━━ Entries supplied ━━

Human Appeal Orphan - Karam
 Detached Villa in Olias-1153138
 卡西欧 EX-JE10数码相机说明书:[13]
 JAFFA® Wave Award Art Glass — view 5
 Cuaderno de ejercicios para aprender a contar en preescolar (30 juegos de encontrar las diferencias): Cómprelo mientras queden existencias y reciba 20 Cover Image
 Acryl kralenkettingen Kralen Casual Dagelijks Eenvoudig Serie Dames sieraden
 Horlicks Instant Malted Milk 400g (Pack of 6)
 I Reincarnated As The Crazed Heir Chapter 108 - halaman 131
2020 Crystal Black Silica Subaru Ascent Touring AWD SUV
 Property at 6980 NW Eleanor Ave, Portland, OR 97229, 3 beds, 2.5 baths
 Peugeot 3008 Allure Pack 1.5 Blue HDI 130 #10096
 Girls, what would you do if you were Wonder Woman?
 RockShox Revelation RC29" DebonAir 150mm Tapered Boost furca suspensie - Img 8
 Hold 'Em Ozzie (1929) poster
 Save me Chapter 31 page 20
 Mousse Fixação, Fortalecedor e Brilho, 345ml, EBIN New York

━━━

- _Activity_
Keep only the lines from the one containing "Hold 'Em Ozzie (1929) poster" through the final line of the records, and transcribe them exactly.

- _Answer space_
 Hold 'Em Ozzie (1929) poster
 Save me Chapter 31 page 20
 Mousse Fixação, Fortalecedor e Brilho, 345ml, EBIN New York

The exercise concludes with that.